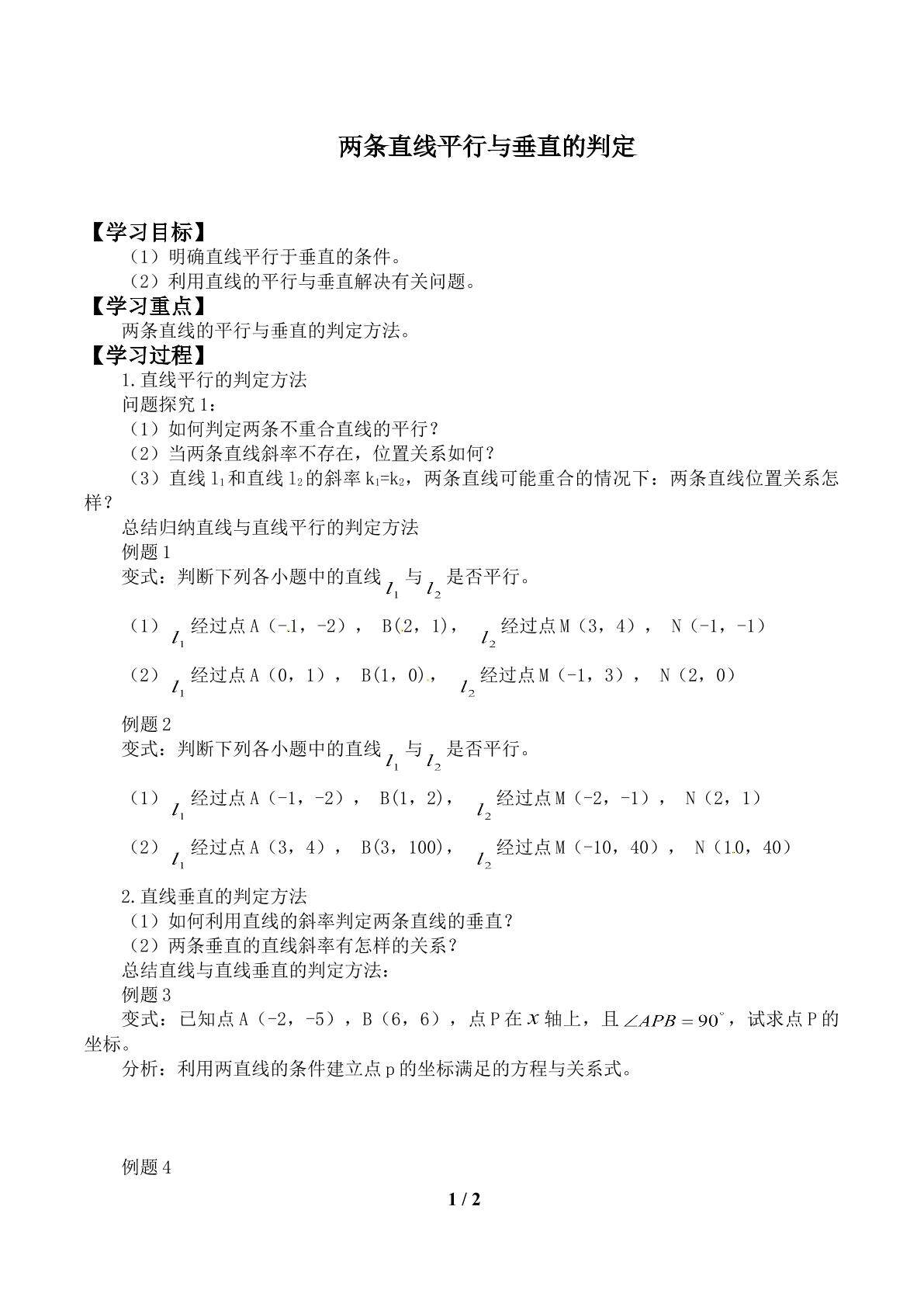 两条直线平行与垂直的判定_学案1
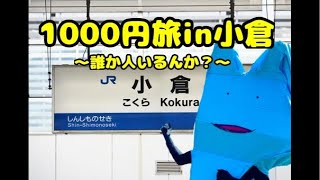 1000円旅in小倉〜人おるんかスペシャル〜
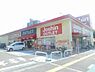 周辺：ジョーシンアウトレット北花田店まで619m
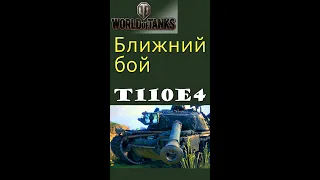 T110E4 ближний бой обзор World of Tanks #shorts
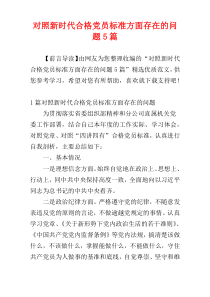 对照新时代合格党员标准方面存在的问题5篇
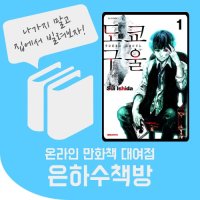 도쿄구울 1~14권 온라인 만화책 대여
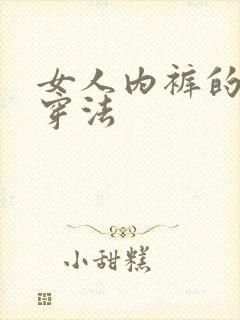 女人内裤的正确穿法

> [EXERCISE DETAILS]:
Your output should be the lines from the line containing "周辺：ジョーシンアウトレット北花田店まで619m" through the last line of the listing above, restated exactly, with no pictures among them.

> [SOLVED PROBLEM]:
 周辺：ジョーシンアウトレット北花田店まで619m
 T110E4 ближний бой обзор World of Tanks #shorts
 对照新时代合格党员标准方面存在的问题5篇
 도쿄구울 1~14권 온라인 만화책 대여
 女人内裤的正确穿法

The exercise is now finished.